# AI . V.A surf fishing this week



## hunter1 (Jul 31, 2009)

I'm down at AI. VA for a week . So far 2 days of fishing, 2 snapper Blues, 5 spot. That's it. One guy down from me caught a ray. Tomorrow I'll try just for the small fish and try for Flounder. Leave the 10' rod in the Jeep.


----------



## NICKNICHOLS (Oct 5, 2002)

Thanks for the report. I am assuming AI is Assateague Island on the Eastern Shore?


----------



## hunter1 (Jul 31, 2009)

Yes it is. Went out again today. noting big . But caught 3 nice size whiting, I'll eat them with the small blues I caught. Also 6 good size spot. kept 2 for bait. Every thing was caught using light rods, all caught on FBBW. they wouldn't touch the squid. Left the 10' rod at the place. Hope tomorrow brings more whiting. Tight lines. :fishing:


----------



## NICKNICHOLS (Oct 5, 2002)

Thanks my friend, good luck tomorrow☺


----------



## Benji (Nov 19, 2014)

Left your rod at the [email protected] there are few places around there the tourons don't make it to. I wouldn't leave much laying around, wouldn't trust it would be there when you get back. Are you driving the beach?


----------



## Benji (Nov 19, 2014)

I'm so glad the south osv is open again even if not all the way to the hook. Can't take the swimmers and idiot's anymore. Impossible to avoid them when its closed for the birds. I had a group just hang out past the bar with boogie boards in the exact spot they where watching be bomb 4oz all morning . They don't give a f..k . Was all the way south down next to the rope.


----------



## sand flea (Oct 24, 1999)

The hook will be open again soon... and don't discount the north OSV. If you've got a decent cast there are fish out there and none of the swimmers, though the bugs will eat you alive. Also suggest you hit some of the small local piers and toss for flounder. There's some fatties out there.


----------



## Benji (Nov 19, 2014)

sand flea said:


> The hook will be open again soon... and don't discount the north OSV. If you've got a decent cast there are fish out there and none of the swimmers, though the bugs will eat you alive. Also suggest you hit some of the small local piers and toss for flounder. There's some fatties out there.

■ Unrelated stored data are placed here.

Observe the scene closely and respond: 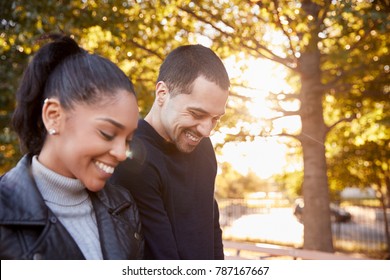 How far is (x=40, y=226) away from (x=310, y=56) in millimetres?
6748

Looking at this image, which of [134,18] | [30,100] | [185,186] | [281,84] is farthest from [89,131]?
[281,84]

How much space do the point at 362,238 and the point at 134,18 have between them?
13.4 metres

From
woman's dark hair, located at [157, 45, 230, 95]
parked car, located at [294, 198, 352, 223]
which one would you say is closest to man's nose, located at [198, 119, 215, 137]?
woman's dark hair, located at [157, 45, 230, 95]

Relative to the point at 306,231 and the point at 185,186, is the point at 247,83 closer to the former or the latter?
the point at 306,231

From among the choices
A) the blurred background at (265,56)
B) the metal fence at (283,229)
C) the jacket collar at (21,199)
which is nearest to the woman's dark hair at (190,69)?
the jacket collar at (21,199)

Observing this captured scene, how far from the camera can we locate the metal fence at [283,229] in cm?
1545

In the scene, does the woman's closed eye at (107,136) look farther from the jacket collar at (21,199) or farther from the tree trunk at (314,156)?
the tree trunk at (314,156)

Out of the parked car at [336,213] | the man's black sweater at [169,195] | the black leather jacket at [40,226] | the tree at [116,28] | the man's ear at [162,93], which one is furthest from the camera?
the parked car at [336,213]

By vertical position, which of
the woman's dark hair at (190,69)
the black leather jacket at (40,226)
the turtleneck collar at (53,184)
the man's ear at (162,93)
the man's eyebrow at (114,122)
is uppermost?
the woman's dark hair at (190,69)

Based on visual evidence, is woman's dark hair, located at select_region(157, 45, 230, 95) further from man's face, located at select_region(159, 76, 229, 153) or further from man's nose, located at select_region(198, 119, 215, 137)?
man's nose, located at select_region(198, 119, 215, 137)

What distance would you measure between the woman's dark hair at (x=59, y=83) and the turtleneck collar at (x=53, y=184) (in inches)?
3.7

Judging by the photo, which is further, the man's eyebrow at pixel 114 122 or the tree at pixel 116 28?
the tree at pixel 116 28

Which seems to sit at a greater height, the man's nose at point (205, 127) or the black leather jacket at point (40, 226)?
the man's nose at point (205, 127)

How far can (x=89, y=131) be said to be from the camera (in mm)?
1655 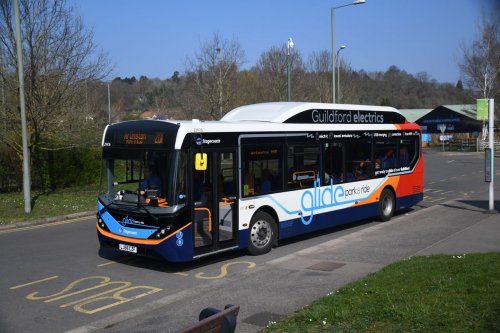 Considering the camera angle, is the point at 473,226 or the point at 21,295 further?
the point at 473,226

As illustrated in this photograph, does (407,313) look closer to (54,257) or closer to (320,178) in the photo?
(320,178)

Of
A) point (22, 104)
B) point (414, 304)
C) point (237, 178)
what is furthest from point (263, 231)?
point (22, 104)

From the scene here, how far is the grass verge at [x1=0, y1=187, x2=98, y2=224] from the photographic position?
1603 cm

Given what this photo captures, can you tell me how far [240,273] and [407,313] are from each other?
405 centimetres

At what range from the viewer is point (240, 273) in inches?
369

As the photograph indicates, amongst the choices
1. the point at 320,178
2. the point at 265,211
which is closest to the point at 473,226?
the point at 320,178

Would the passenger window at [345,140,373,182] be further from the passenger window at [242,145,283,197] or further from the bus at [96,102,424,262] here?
the passenger window at [242,145,283,197]

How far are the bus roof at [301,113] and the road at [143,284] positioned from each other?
2.80 metres

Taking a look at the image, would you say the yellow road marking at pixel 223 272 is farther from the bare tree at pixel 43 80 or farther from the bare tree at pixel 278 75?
the bare tree at pixel 278 75

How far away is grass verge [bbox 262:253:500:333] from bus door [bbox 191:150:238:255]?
9.83ft

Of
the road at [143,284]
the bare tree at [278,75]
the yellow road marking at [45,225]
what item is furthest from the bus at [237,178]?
the bare tree at [278,75]

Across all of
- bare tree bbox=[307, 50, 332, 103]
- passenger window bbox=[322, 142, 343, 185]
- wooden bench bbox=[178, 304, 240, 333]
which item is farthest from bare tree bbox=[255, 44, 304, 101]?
wooden bench bbox=[178, 304, 240, 333]

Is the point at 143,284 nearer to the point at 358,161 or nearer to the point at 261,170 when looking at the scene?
the point at 261,170

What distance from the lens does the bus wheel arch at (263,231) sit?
10.6 m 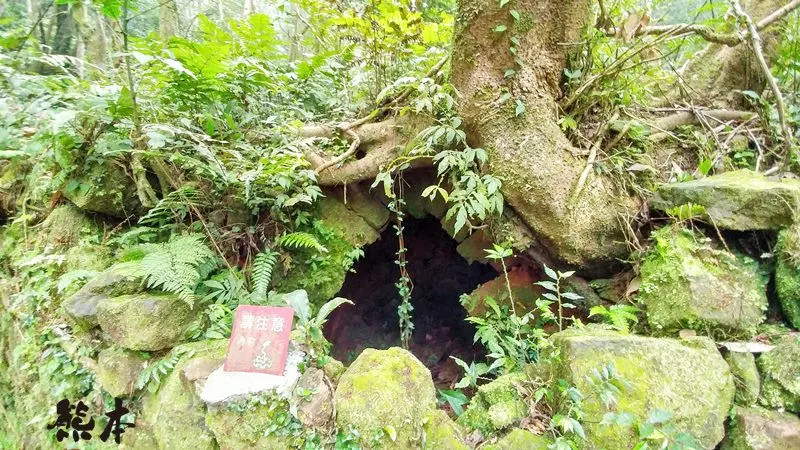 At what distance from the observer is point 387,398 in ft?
6.56

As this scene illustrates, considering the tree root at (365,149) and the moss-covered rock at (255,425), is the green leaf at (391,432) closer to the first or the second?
the moss-covered rock at (255,425)

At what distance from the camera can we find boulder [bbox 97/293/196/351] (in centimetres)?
247

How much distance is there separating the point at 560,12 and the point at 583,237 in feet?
5.65

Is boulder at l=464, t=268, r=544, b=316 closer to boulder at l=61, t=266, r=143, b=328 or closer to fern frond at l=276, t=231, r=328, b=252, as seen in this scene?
fern frond at l=276, t=231, r=328, b=252

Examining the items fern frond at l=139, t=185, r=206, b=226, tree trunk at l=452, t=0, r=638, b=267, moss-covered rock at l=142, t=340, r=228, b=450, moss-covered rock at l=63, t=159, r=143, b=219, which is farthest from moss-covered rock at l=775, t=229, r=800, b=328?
moss-covered rock at l=63, t=159, r=143, b=219

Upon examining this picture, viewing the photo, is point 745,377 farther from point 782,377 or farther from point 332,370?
point 332,370

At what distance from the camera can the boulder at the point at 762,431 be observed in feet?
6.35

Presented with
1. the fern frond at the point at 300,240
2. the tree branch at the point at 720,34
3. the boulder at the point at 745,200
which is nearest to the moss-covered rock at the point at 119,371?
the fern frond at the point at 300,240

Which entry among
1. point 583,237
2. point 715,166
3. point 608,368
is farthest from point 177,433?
point 715,166

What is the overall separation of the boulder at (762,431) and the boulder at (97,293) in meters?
3.64

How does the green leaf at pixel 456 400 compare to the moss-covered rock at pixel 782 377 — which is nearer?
the moss-covered rock at pixel 782 377

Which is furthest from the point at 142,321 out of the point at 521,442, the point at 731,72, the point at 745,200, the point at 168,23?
the point at 168,23

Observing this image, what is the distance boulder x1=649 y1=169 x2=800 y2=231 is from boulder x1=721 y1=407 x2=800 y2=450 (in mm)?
1179

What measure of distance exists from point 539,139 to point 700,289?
1459 mm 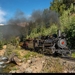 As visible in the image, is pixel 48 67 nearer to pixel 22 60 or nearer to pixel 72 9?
pixel 22 60

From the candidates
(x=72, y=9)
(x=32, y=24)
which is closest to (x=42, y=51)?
(x=32, y=24)

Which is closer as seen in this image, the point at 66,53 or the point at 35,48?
the point at 66,53

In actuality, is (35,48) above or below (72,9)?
below

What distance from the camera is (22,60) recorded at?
16781 millimetres

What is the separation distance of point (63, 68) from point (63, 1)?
28.3m

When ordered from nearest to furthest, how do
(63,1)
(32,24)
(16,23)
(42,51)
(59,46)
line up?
(59,46) → (42,51) → (16,23) → (32,24) → (63,1)

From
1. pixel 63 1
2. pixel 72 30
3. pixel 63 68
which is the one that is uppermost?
pixel 63 1

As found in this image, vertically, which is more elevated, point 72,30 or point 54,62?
point 72,30

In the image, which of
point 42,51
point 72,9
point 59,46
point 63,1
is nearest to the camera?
point 59,46

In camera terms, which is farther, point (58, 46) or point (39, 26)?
point (39, 26)

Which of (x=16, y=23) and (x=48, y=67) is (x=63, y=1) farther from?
(x=48, y=67)

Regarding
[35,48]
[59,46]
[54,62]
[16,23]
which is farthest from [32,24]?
[54,62]

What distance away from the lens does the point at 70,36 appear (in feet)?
61.3

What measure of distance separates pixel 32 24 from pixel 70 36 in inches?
445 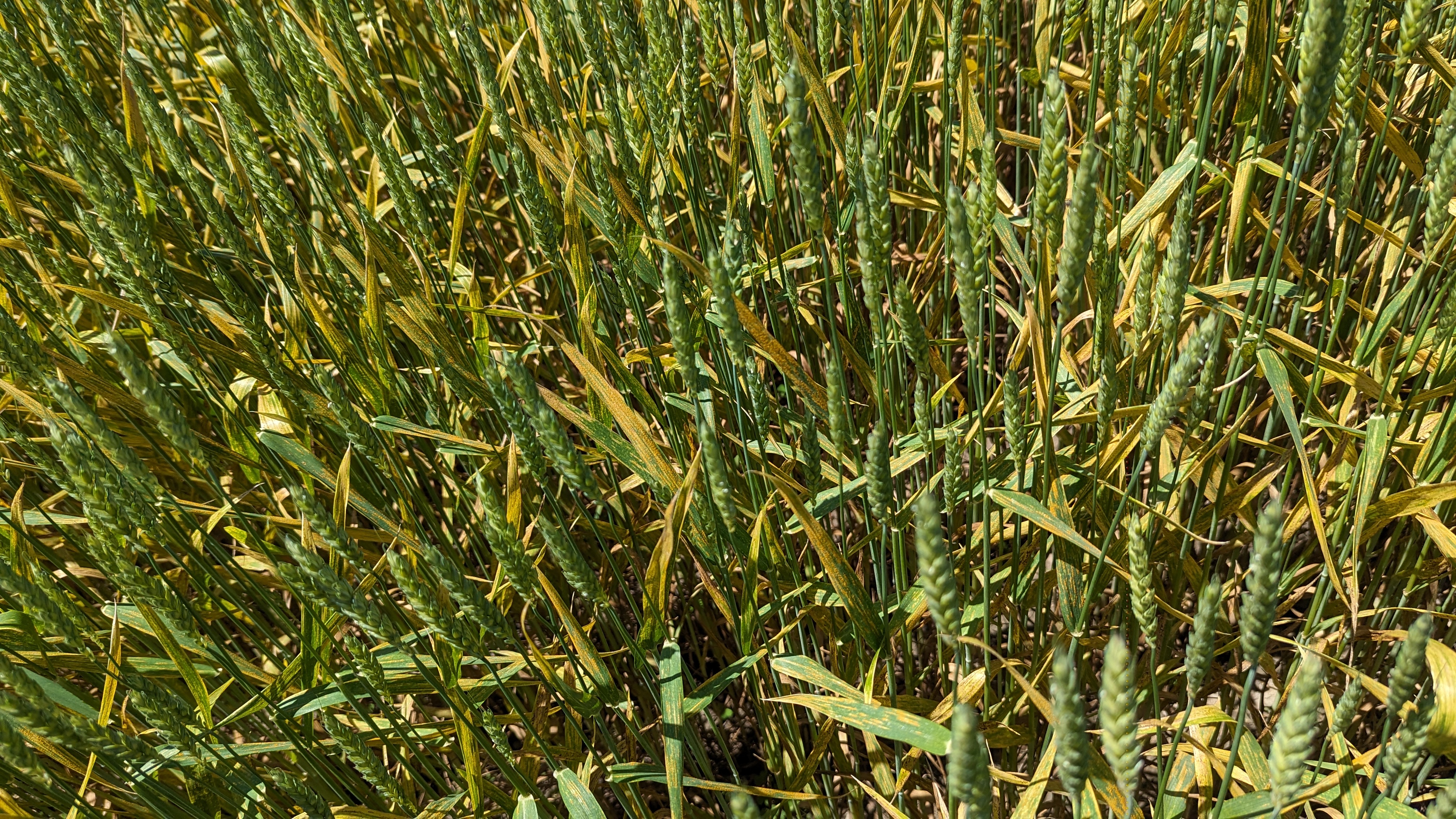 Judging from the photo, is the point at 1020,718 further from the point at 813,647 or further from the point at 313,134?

the north osv ramp was a bit of a pain in the tail last time I was there in July. People had gotten stuck and dug out on the ramp leaving the beach took several tries to get off the beach.


----------



## hunter1 (Jul 31, 2009)

*Didn't leave rod*

No, Benji. I meant I left the 10' rod at the house. LOL


----------



## hunter1 (Jul 31, 2009)

Ok, I'm back today from A.I.Va. Thursday I rested and took the wife shopping on Chincoteauge . Friday was great fishing if you like spot. I tried them and don't care for them. I caught so many I lost count, I prayed every hook up it was a whiting. I released all the spot . So now I'm ready to cook the Blue and the whiting I caught. Yes I did drive the OSV south side,was open to the old CG station. Jeep worked great. Did see a lot of AWD's stuck , One about every day, P/U trucks too, but that was from not airing down. One of those Boxy Benze almost got stuck, They kept trying to drive along the water line. But fishing 4 out of 5 days was great.


----------



## Benji (Nov 19, 2014)

The hook is now open. Not much today other than small rays, small Whiting, and 1 small pompano about 7 inches .


----------